Step 2 does a row-by-row comparison of IMPORT table and STAGING table to find any rows that have a change in any column and then deleted the rows. Then an INSERT for any "non existent" rows (which also get current date/time in a LogTimestamp column). (Subsequent ETL SProc then processes "new since last time" rows
The SProc for Step 2 sometimes (maybe 30% of the time) takes a long time. That Sproc is one of many that do the same type of operation. There are about 4 or 5 SProcs that basically have very similar sized IMPORT and STAGING tables and also the number of "changed rows" is very similar. All were mechanically generated so should, to all intents and purposes, be identical. Its only the one SProc that is ever slow.
Normal running of this SProc:
About 2,000,000 rows in the IMPORT table
Typically deletes 1000-2000 rows
Typically inserts 1000-5000 rows
On a good day 200 seconds, on a bad day 100,000 !! seconds. There is no "middle ground", either it takes a couple of minutes or it takes more than a day.
I changed the SProc to REORGANISE the indexes on IMPORT before it starts, and to REORGANISE on STAGING after it finishes (ready for next time, and so that downstream ETL have a better time )
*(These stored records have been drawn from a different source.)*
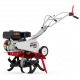 Культиватор Мобил К МКМ-1Р Про с двигателем Briggs&amp;Stratton CR950 в Омске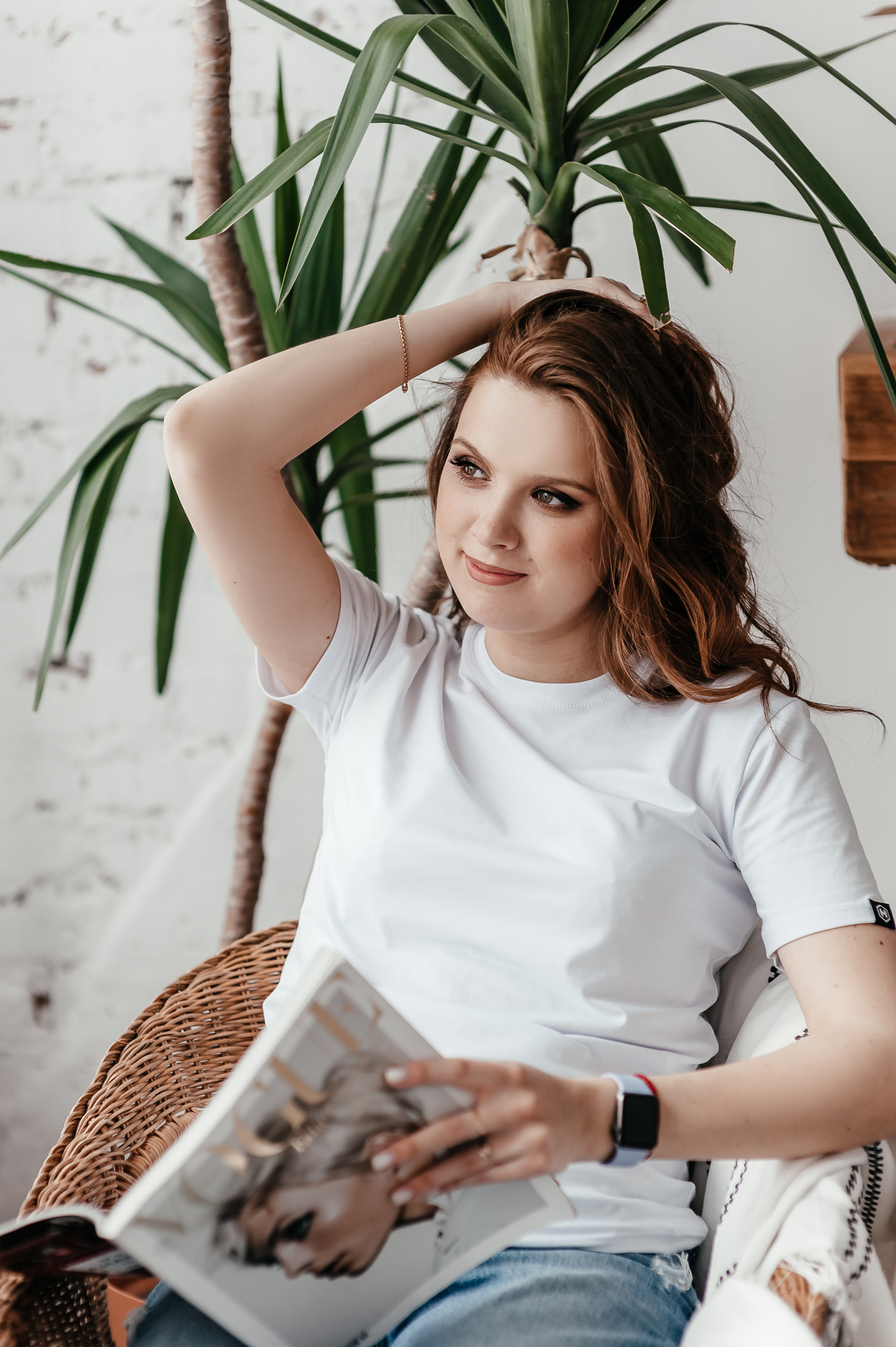 Майбутні батьки. Весільний та сімейний фотограф Україна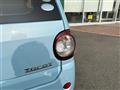 2019 Daihatsu Mira Tocot
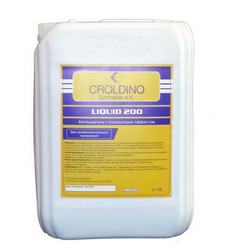 ����������� Liquid 200, 10� �� Croldino ������ � ������������� �� ������ �����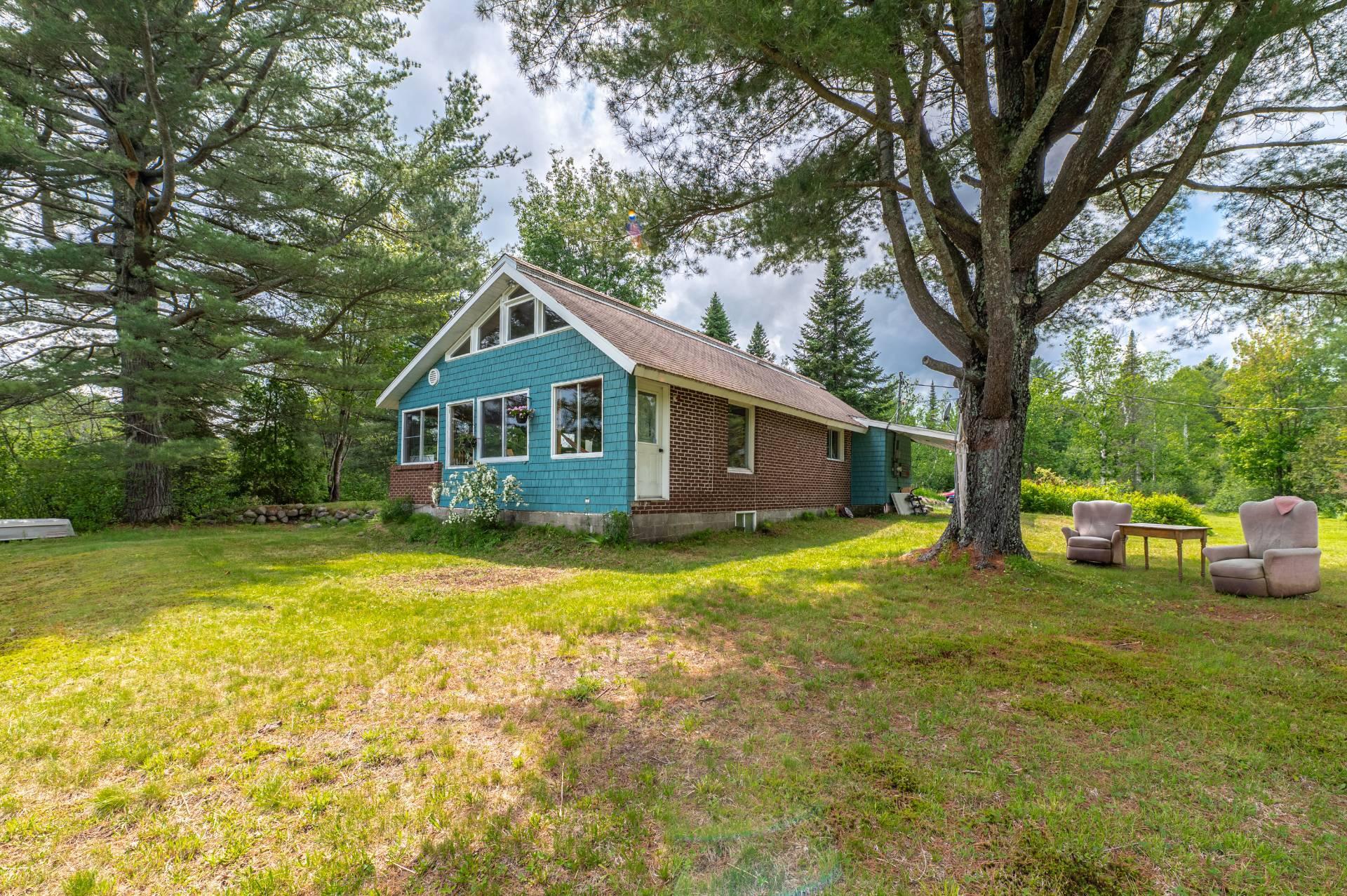









2301


Rue St-Hilaire

,
Val-Morin,




QC
J0T2R0

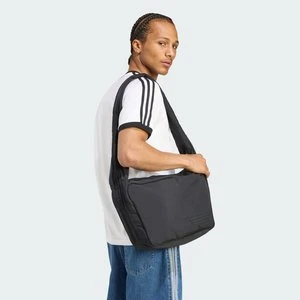 Torba Crossbody Bowling Adidas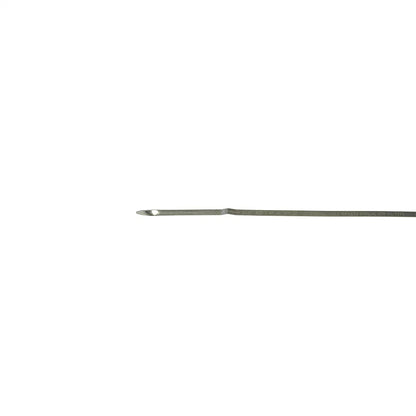 Engine Oil Dipstick for Dodge Charger Challenger 3.5L V6 (2006-2010)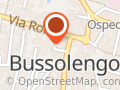 Comune Di Bussolengo
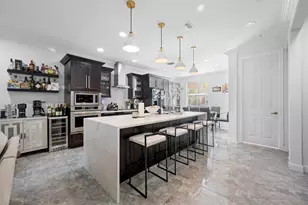 3909 Monarch Ln, Coconut Creek, FL 33073 - Photo 2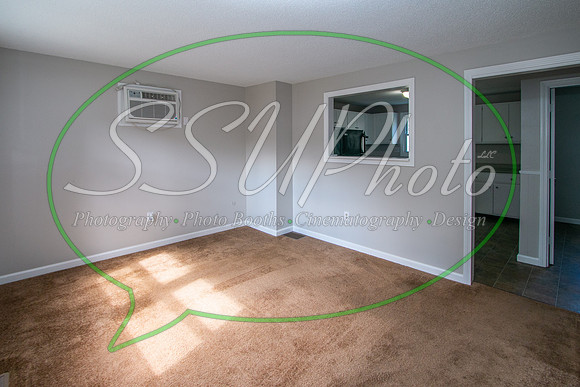6466moultonst20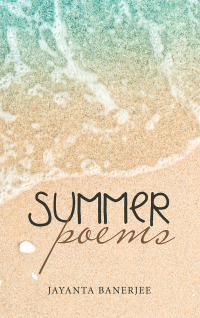 Imagen de portada: Summer Poems 9781506528229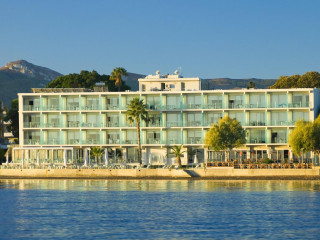 Kos Aktis Art Hotel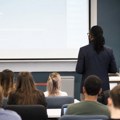 Profesor sa Kembridža pronađen mrtav nakon velikog skandala: Imao je 41 godinu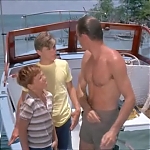 FLIPPER_-_E1X07_COUNTDOWN_FOR_FLIPPER_0526.jpg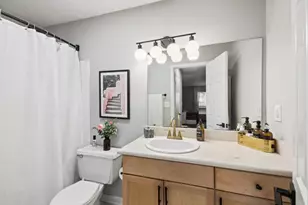 1150 Collier Road NW, Atlanta, GA 30318 - Photo 16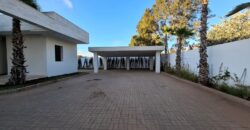 Domaine de Prestige sur 8000m² de Terrain et 1300m² Habitables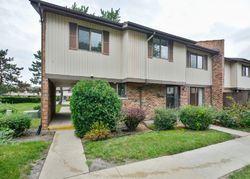  Winthrop Way Unit 8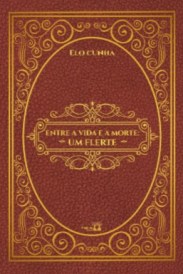 Livro Elo Cunha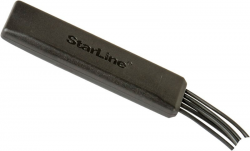      StarLine - DDR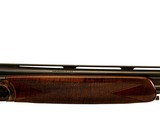 CSMC - Revelation, 20ga. 28" Barrels with 5 Screw-in Choke Tubes. - 5 of 11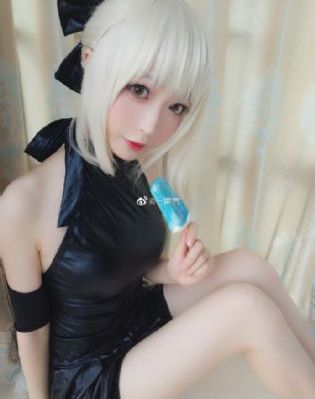 国产美妆品牌过度营销_成人在线观看免费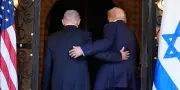 La relation avec Washington, un fardeau pour Netanyahou
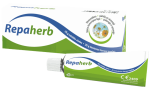 REPAHERB 25 g rektaalsalvi toode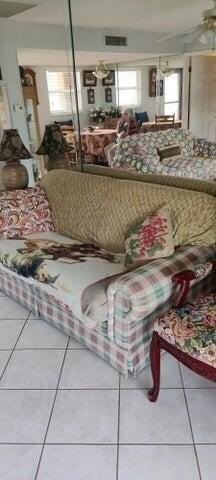 715 Lori Dr Apt 308 - Photo 6 of 15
Ran in the short time for three days and the last two nights has gone back to 100,000 seconds
Stupidly I forgot the add an Update Statistics after the INDEX REORG , so I'll add that - but can the IMPORT table get so badly out of shape from a TRUNCATE TABLE and then BCP in replacement data (and then REORG the indexes)?
None of the other, similar, processes that handle similar amounts of data has ever run slow, and I can't see that there is anything special about this one.
The process is:
INSERT all rows from IMPORT into ##TEMP
DELETE from ##TEMP any row that is same (all column comparison) as STAGING based on a PKEY JOIN
INSERT INTO STAGING from IMPORT where NOT EXISTS in STAGING
Apart from also freshening up the Stats I could also add a RECOMPILE to the SProc ... although the whole thing is just PKey (clustered) based
Only other thought I have had is to put some "elapsed" time logging in so I can then figure out which sub-query is the slow part.
But is there anything obvious that would explain the change from 200 seconds to 100,000 seconds runtime?
I wonder if something else is going on on the server at that time, its around 02:00, but it seems improbably that THIS Sproc is ALWAYS the slow one - a recurring server-load would be as likely to hit a different Sproc if there was a bit more data one night, and thus each Sproc ran a few seconds later / earlier than normal.